• _SUPPLIED INFORMATION_
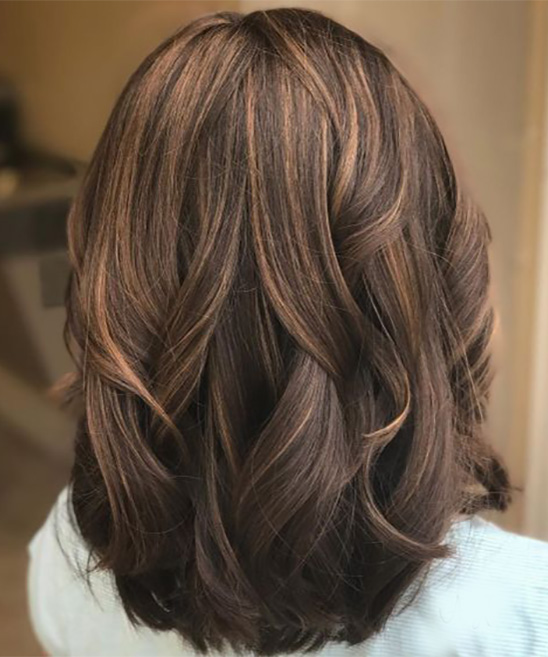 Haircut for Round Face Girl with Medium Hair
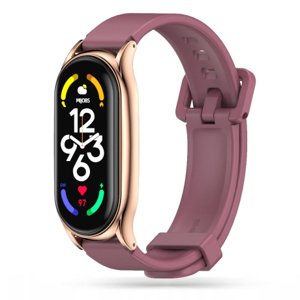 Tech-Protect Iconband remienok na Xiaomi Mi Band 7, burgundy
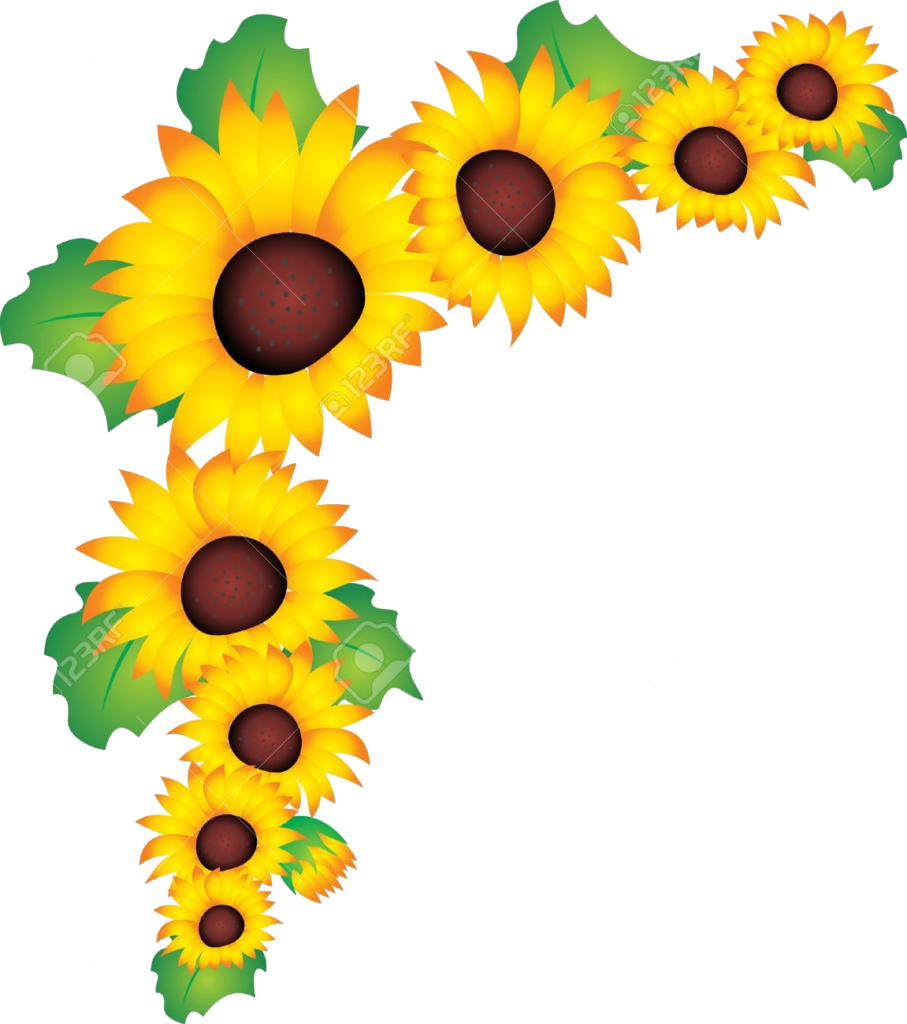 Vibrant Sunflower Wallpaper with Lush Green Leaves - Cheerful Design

• _ASSIGNED TASK_
Please print everything in the material exactly, apart from the pictures.

• _EXERCISE RESPONSE_
 Haircut for Round Face Girl with Medium Hair
 Tech-Protect Iconband remienok na Xiaomi Mi Band 7, burgundy
 Vibrant Sunflower Wallpaper with Lush Green Leaves - Cheerful Design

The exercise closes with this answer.